3. Volunteer. No matter where you are, you can volunteer. RAINN (Rape, Abuse and Incest National Network) has a great website that can link you to your local rape crisis center. These organizations rely heavily on volunteers, and you can really make a difference. There are a lot of ways you can volunteer, from answering the hotline to doing prevention work or community outreach. Volunteering is a great way to give back and connect with your community while supporting those who have experienced sexual assault.
4. Donate. Again, RAINN is a great resource to find your local rape crisis center to donate to, or you can donate to RAINN directly. Nonprofits and community organizations are often government funded and that funding has been diminishing since the recession in 2008. This means that organizations are relying more heavily on donations. If you’re feeling generous, you can repeat your donation every month. If you’re feeling creative, organize a fundraising event in your community to raise more money and spread awareness about sexual assault prevention!
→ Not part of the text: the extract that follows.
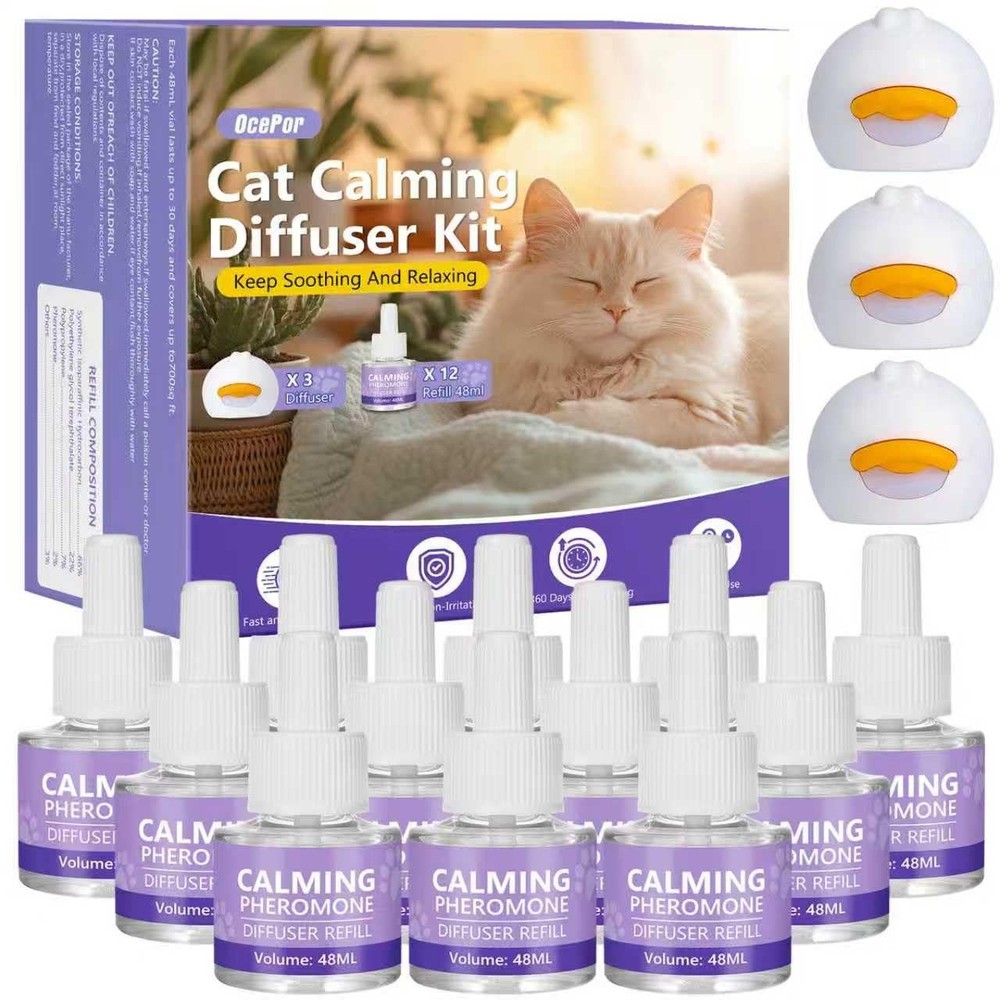 Cat Calming Diffuser 12 Refill Solutions, 3 Plugs- Cat Pheromones Calming Dif...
5. Read Yes Means Yes! Visions of Sexual Power and a World Without Rape. Written by Jessica Valenti and Jaclyn Friedman, two badass feminists, this book is all about dismantling rape culture and promoting healthy sexual relationships and female pleasure. Anything written by either one of these talented women is worth it, but this book really covers a lot of ground and goes beyond the typical framework of “No Means No.” If you want to go further, read the book with friends and discuss it together afterwards.
6. Use Gender Neutral Language. Oftentimes, sexual assault is framed with the man being the perpetrator and the woman being the victim. While we know that women are sexually assaulted at higher rates than men, men still experience sexual assault at alarming rates and are less likely to seek support or counseling. Additionally, transgender individuals experience sexual assault at higher rates than the general population. All of this is to say — don’t make assumptions. Spaces to support victims and survivors should be inclusive and safe.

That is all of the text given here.